-- Task material follows --

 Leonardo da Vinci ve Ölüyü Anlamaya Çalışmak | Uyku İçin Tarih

-- Task material concluded --
-- Task material follows --

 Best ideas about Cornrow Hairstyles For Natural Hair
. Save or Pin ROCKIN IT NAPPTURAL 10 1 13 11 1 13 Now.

-- Task material concluded --
-- Task material follows --

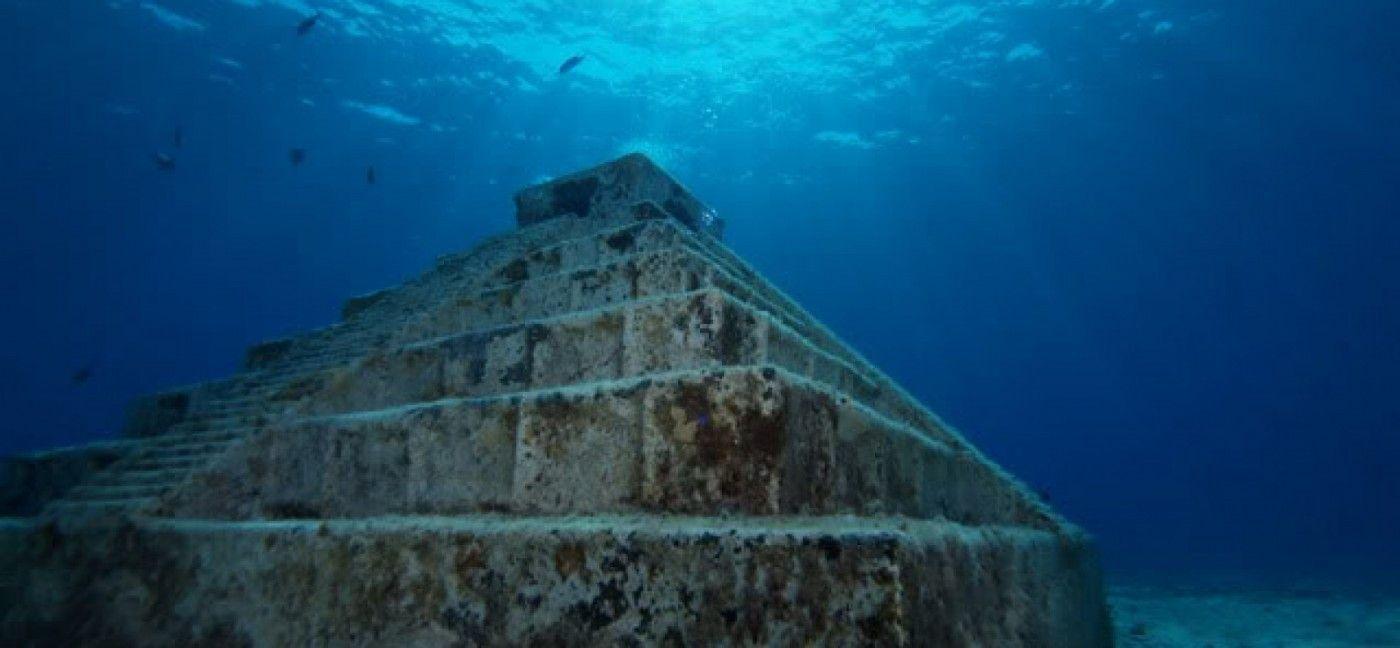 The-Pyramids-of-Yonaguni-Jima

-- Task material concluded --

Description of the task
Using only the entries above, output the line with "Best ideas about", the line with "11 1 13 Now.", and all lines between them, exactly as they stand.

Task output
 Best ideas about Cornrow Hairstyles For Natural Hair
. Save or Pin ROCKIN IT NAPPTURAL 10 1 13 11 1 13 Now.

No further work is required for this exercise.